En septiembre de 2010, el
profesor de Derecho Civil de la
Universidad de Córdoba, Antonio Manuel Rodríguez, denunciaba en un brillante
artículo la inmatriculación o registro a su nombre efectuado por la Iglesia de
la Mezquita y Catedral de Córdoba.
Refiriéndose a la Iglesia
Católica decía: “Su último asalto fue la inmatriculación registral de la Mezquita y
Catedral de Córdoba, amparada en el artículo 206 de la Ley Hipotecaria,
reformado por Aznar con la intención de equiparar a la Iglesia Católica con la
Administración pública. Un escándalo monumental que vería hasta un ciego sino
fuera porque esta ciudad hace siglos que enfermó de cataratas.”

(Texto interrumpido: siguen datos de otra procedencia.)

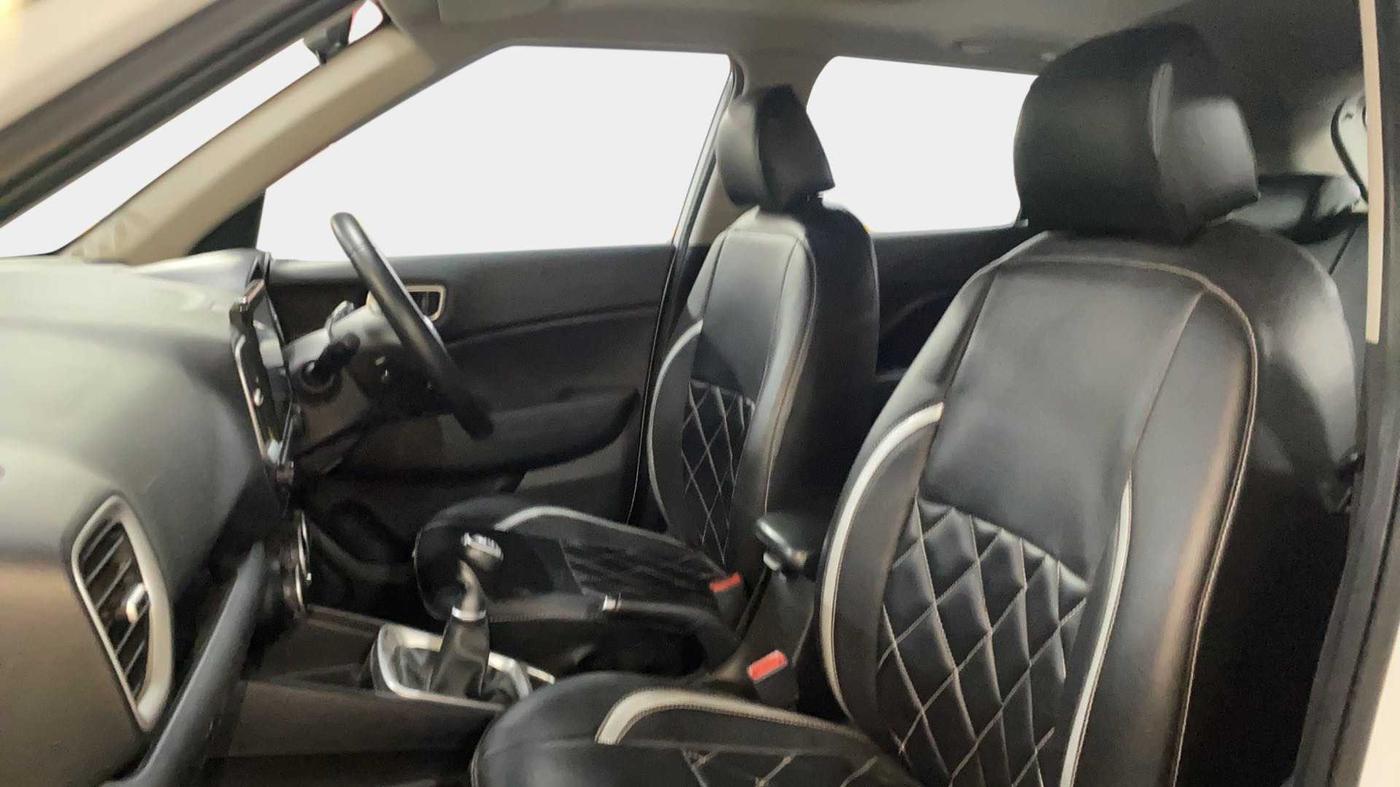 2021 Hyundai VENUE SX 1.5 CRDI, Diesel, Manual, 33,863 km, Right Side Front Door Cabin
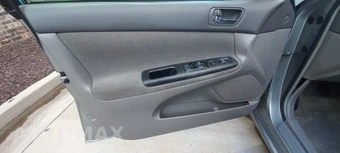 2005 Toyota Camry LE - miniatura 16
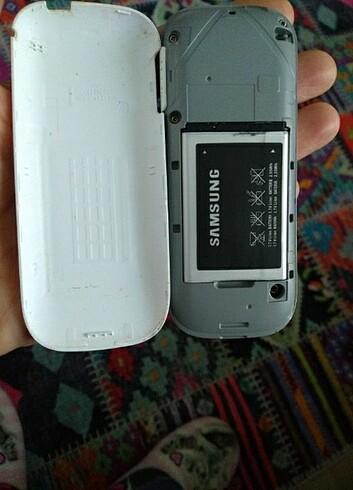 Samsung küçük cep telefonu 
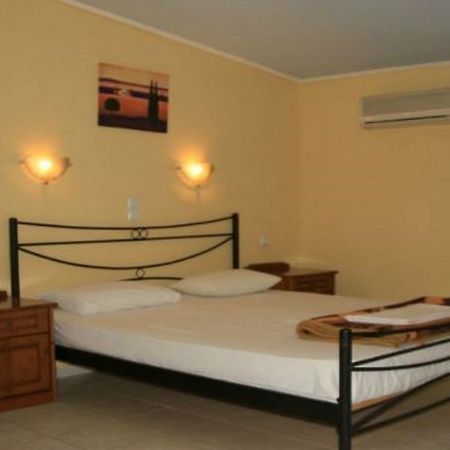Elpida Studios Parga Exterior photo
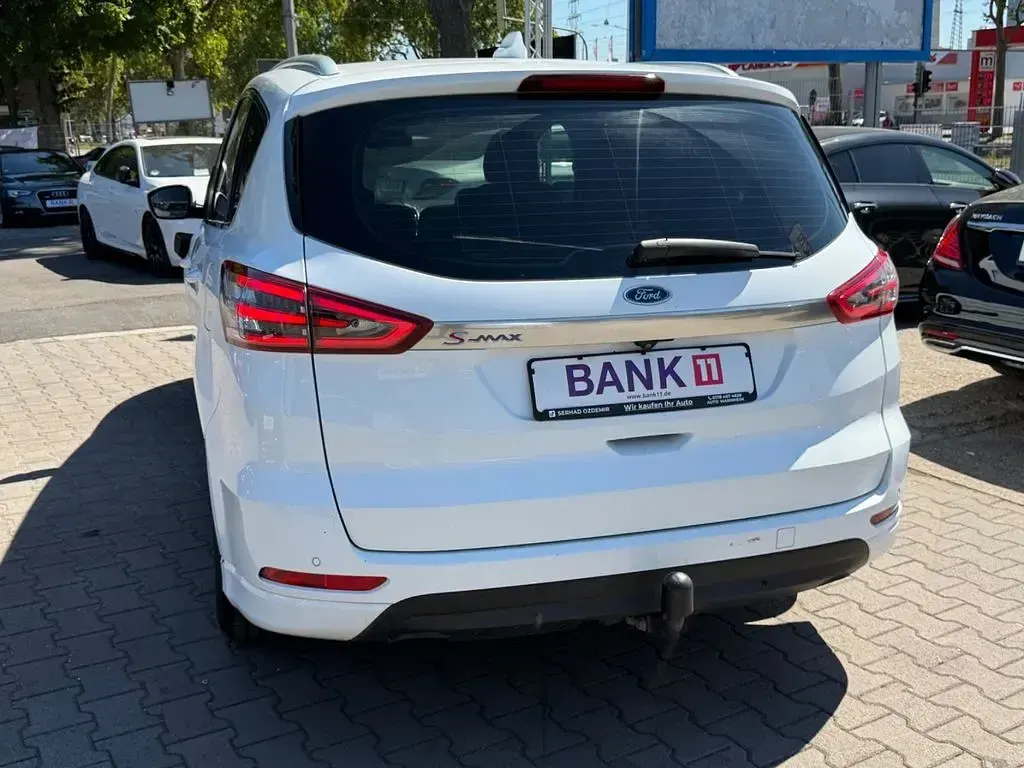 Gebraucht Ford S-MAX Titanium 150 PS (110 kW) 2021 Weiß Van / Kleinbus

Anoche, el programa de Jordi
Évole, “Salvados”, volvía a incidir en el tema, aunque con carácter general a
su incidencia en todo el país. Quedamos
informados que desde 2007 la Iglesia ha registrado a su nombre más de 100.000
propiedades, y no solo lugares de culto, sino santuarios, monasterios, huertas,
pisos, casas y hasta viviendas de maestros. Con un simple costo registral de 20
euros por acto y una certificación de un simple deán la Iglesia ha rapiñado y
se apropiado para si del mayor patrimonio inmobiliario existente en nuestro
país, incluyendo el del Estado.
Estamos ante el mayor latrocinio de
la historia de la humanidad, perpetrado, ante nuestras propias narices, en
detrimento de nuestro pueblo y con la colaboración necesaria de los poderes
públicos. Especialmente de los últimos presidentes, Aznar y Zapatero.
Una institución que no paga un
céntimo en impuestos, que recibe una asignación directa del estado de 10.000
millones de euros anuales, sin atisbo ninguno de reducción o recorte, cuando al
mismo tiempo desaparece la sanidad o la educación pública nos atraca con casos
especialmente sangrantes, como la de atribuirse inmuebles que los ciudadanos
han fabricado, reparado y mantenido hasta el último momento, o que simplemente eran
bienes públicos sin registrar.
Somos un país realmente desgraciado.
Tenemos la derecha más reaccionaria e incívica que conocen los tiempos y una
jerarquía eclesiástica codiciosa, insaciable y voraz, en la que prevalece el
poder sobre la gloria, el oro sobre el
valle de lágrimas y la injusticia sobre la caridad.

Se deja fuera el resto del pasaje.